NEW ART EXAMINER, 2000 – Review by John Brunetti, Chicago Art Critic
There is a distinct sense of theatre when entering this northside gallery. The grey-green alcoves that comprise the space's insular rear "salons" evoke a time earlier in the century when Modernist painting was still considered scandalous. This environment is well-suited for viewing the paintings, drawings and prints of Megan Williamson collectively titled "Tools, Chaos and Order". An emerging artist who uses the vocabulary of Surrealists and Cubist-inspired abstraction to transform still lives of hand tools into gestural investigations of space, form, color, and light, Williamson assumes the difficult task of exploring a painting vocabulary whose established history leaves little margin for error. Her struggle to balance "chaos and order" in her work, while not retaining the societal provocation of previous eras, displays the continuing need for some painters to locate meaning in the slippery spaces between representation and abstraction, cognition and obfuscation.
The juxtaposition of Williamson's two groups of works - her black-and-white drawings and colorful oil paintings - reveals the crucial inconsistencies in her interpretation of positive and negative space, and scale, which determine her pieces' potential for richness. Surprisingly, it is her graphic, black-ink-brush drawings that dominated the exhibition. Completed in response to the paintings, these works on paper draw one into the interlocking masses of the brutish yet elegant forms of wrenches, clamps, welding goggles, trowels, saws and work gloves. Where the tools in Williamson's large paintings often appear too small and evenly staggered to create a dynamic push/pull between positive and negative spaces, the same objects fill her smaller compositions, dramatically transforming white paper into vibrating, seemingly spontaneous exchanges between solid and void.

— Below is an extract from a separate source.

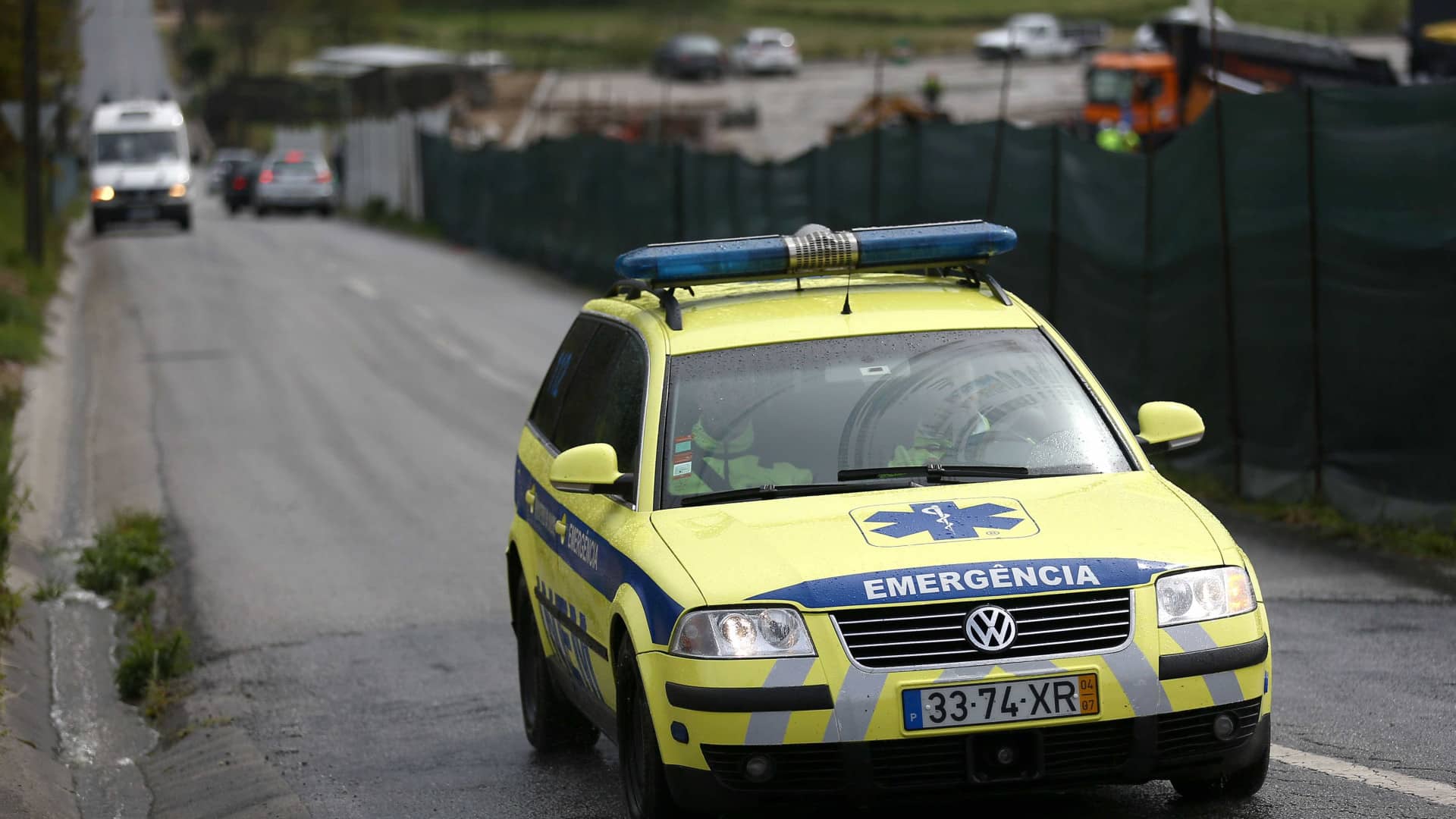 Homme qui est mort à Bragança a attendu 1h20, mais vivait à 2 km de la VMER.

It is, however, Williamson's ability to unexpectedly anthropomorphize singular industrial forms with a minimum number of decisive brush strokes that is the most poetic aspect of her work. A single trowel standing vertically becomes a lone sentinel through the spare and immediate delineation of its contour; the vacant lenses of doubled-over welding goggles become haunting eyes that resemble beacons engaged in an endless search. These quite simple drawings encapsulate the chaos and order with which Williamson wrestles. If her paintings can incorporate this power, she will only lengthen our engagement.